I don't know what it is about those stands that everything is so fucking awesome that they make. Not all of them though, I never eat from a stand that has a skinny person cooking. If they won't eat their own food, I'm sure as hell not going to pay them to fuck up my arteries. Down in Pacific Beach, San Diego, they have some great little burrito and burger stands. One of them even has chinese food, and if you walk around to the back they sell just about everything in the world. I'm serious. I bought some taco's, went around back, and bought some flip flops, a CIA hat, and some sunglasses, and I think the total was $16.
Your right they cannot all be that good I always had good look at the Carlsbad swap meet down in the valley. I'm just starved so it all sounds good. I'm trying to help out wifey with her Nutrisystems diet by going on it with her. We bought the 45 day food deal and then spent two weeks not buying any groceries and thinking of ingenious ways to do with what we had till now all the cabinets are empty. Our last dinner was like two cans of tuna, a box of fettuccini noodles, and some cheese sauce, Oh and a can of green peas. Now it’s all nutrisystem going on two days.

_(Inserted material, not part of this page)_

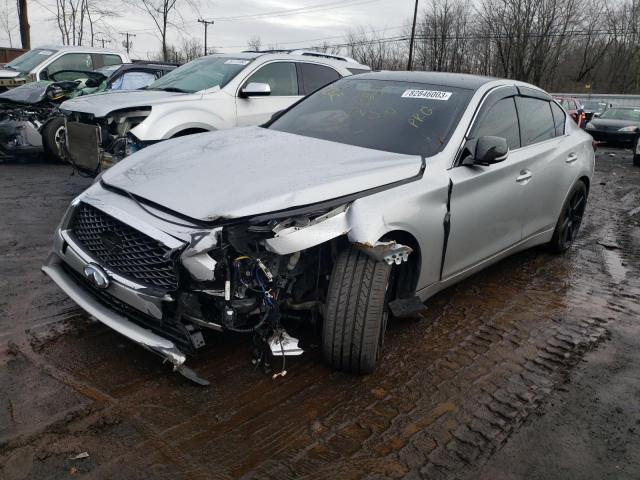 2018 INFINITI Q50 PURE - JN1CV7AP2JM241431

Misery loves company. I hear if you dangle a diamond ring in front of a treadmill she'll run her ass all the way back to her college weight.
I'm too cheep. Diamond ring not to be laughed at 1000+ bucks, Treadmill 500 bucks, Nutrisystem food supply and kit for two ~500.00 and some misery.
Joe wrote... Fucking a woman who even remotely resembles the one you first got together with, Priceless. Everytime I get a girl, and we become a couple she gains weight like it was going out of style. Why is it that once I decide that a girl is wonderful enough that I'm going to devote myself solely to her she decides that's a good time to start consuming every chocolate bar she can find. It's fucked up, and I'm not gonna take it anymore.